There were more nods now, and Robert diCerni pulled his calculator out of his breast pocket and set to work with it. “I don’t suppose we have any idea about the total number of cases that have occurred since November? No, I thought not. Still, assuming that we have a cumulative disease that requires prolonged exposure to become active, there could be several thousand people running around the West Coast who stand to develop the disease in the next year.” He punched a few more keys. “That’s a conservative estimate, and it assumes we have all the pertinent information about every case diagnosed so far. And that isn’t very likely, even if it is the result of toxic wastes.”

Drucker stared at the far wall, his eyes fixed on a spot about ten feet beyond it. “Do I gather that it is the consensus to mount an investigation on this condition?”

There was a show of hands in favor, and Jeff felt a surge of relief when he realized that his support was almost unanimous.
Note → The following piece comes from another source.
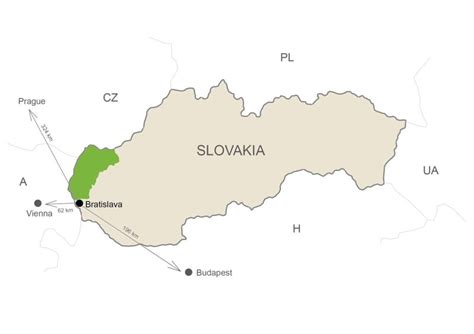 Mapka regiónu Záhorie s vyznačenou Skalicou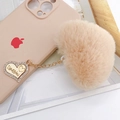 Plush heart phone charm with faux fur and rhinestone I Love You engraved tag - Jewelry / Khaki (D2229 Heart)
“We better get out to the West Coast and find out if the two diseases are the same thing,” Weyman said promptly. “First things first. And I hope it is the same thing—two brand-new toxic diseases is a little more than I want to handle.” He was one of three people who chuckled at his remark.

Drucker frowned and looked around the room with suspicion. “Is that really necessary? Wouldn’t it make more sense to send queries to other parts of the country, to find out if there are other reports of the disease, and then coordinate the search for the cause from here?” It was part of Drucker’s personality that he disliked having to leave Atlanta and his office, where he was secure in his power.

“I’ll go,” said Weyman. “Jeff and I will be on the next plane west. We can work as a team, or split up.” He smiled as he made the offer. “And we’ll report in, so that the rest of the group can add what we learn to what you find out from the other parts of the country.”

“That sounds like an excellent idea,” said Jeff at once. He held up the printouts. “Given the two geographical areas, we might as well decide now who goes where.”

“What about your family, Taji?” Drucker interrupted.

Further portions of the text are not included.